◆ **Requirement**: From the data below, retype exactly the lines starting with the one that contains "Design House Stockholm" and ending with the one that contains "Urban Villa Kitchen", both included.

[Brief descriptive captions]
---*---

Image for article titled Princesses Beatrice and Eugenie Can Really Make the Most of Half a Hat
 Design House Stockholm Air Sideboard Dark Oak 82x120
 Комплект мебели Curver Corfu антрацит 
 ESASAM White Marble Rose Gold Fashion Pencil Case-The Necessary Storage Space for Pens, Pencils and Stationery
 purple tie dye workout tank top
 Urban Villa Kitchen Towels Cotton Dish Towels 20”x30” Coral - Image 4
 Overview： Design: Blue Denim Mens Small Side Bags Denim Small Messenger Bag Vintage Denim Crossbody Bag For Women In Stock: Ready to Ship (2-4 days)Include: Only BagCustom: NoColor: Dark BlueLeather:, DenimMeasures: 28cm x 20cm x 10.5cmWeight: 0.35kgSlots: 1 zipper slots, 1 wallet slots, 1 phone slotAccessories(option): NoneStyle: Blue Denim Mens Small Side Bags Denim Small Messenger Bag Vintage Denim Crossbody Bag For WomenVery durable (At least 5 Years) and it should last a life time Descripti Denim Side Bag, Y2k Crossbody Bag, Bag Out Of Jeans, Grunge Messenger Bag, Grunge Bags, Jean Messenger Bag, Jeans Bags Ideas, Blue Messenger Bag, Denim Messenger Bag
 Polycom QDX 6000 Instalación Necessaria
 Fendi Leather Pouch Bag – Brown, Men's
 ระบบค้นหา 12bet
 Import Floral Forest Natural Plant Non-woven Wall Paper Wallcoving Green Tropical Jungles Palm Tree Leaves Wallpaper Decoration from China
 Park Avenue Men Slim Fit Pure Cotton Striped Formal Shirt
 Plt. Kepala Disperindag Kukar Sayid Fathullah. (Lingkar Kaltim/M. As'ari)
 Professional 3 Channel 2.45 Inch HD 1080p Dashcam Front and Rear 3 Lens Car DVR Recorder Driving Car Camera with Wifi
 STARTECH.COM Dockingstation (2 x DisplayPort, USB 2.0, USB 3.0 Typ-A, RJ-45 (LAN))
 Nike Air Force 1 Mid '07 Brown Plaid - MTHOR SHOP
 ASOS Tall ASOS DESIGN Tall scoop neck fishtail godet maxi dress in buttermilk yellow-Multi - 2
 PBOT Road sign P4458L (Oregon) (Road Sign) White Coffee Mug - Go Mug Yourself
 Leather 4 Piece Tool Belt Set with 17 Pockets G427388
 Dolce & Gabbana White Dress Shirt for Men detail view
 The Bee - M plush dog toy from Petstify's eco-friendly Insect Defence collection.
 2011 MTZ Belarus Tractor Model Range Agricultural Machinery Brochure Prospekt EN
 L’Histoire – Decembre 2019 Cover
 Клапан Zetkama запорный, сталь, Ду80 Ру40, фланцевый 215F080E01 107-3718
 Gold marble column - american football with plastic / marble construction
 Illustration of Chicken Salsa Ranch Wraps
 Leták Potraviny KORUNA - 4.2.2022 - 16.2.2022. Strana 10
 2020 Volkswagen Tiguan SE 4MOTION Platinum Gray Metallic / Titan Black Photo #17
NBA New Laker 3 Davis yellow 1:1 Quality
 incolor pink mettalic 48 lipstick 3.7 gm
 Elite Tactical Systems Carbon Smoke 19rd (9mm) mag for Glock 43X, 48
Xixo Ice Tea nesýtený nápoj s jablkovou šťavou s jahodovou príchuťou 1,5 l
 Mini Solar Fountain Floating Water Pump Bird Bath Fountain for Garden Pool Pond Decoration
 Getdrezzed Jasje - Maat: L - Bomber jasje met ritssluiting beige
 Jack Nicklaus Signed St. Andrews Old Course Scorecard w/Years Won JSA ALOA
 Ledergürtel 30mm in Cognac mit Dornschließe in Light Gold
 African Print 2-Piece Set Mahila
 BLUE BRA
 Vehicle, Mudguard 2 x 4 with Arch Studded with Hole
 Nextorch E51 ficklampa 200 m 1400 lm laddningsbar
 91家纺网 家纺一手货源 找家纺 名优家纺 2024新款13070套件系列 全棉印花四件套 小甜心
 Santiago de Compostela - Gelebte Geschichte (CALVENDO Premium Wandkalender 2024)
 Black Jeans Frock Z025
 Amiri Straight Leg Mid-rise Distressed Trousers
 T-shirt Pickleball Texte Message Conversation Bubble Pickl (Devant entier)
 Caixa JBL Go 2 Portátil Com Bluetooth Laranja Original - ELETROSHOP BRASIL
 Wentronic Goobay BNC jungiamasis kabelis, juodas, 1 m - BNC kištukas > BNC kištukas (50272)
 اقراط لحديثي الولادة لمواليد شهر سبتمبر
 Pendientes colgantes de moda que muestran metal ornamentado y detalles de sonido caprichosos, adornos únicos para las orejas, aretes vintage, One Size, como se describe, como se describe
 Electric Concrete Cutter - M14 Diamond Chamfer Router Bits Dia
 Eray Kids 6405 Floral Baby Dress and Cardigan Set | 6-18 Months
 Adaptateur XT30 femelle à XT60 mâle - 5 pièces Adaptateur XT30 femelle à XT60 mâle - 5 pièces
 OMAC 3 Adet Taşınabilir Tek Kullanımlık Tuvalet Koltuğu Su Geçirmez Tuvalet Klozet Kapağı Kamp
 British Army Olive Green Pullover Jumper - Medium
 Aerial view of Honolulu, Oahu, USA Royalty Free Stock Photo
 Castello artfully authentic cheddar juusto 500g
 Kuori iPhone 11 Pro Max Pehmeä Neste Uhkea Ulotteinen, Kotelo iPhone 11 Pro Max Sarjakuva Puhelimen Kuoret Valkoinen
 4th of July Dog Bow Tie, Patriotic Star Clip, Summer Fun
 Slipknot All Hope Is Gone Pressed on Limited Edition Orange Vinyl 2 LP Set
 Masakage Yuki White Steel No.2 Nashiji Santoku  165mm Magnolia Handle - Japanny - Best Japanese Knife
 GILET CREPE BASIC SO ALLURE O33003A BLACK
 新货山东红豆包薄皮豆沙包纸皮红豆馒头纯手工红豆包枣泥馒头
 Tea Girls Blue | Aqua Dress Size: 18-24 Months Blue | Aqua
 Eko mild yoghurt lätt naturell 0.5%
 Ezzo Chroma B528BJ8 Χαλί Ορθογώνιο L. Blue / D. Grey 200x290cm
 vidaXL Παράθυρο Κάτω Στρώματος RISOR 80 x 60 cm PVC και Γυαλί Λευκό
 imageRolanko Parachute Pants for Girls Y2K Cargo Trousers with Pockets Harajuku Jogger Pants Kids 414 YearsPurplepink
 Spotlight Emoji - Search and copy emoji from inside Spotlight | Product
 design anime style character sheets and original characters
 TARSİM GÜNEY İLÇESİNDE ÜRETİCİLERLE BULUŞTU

---*---

◆ **Answer space**:
 Design House Stockholm Air Sideboard Dark Oak 82x120
 Комплект мебели Curver Corfu антрацит 
 ESASAM White Marble Rose Gold Fashion Pencil Case-The Necessary Storage Space for Pens, Pencils and Stationery
 purple tie dye workout tank top
 Urban Villa Kitchen Towels Cotton Dish Towels 20”x30” Coral - Image 4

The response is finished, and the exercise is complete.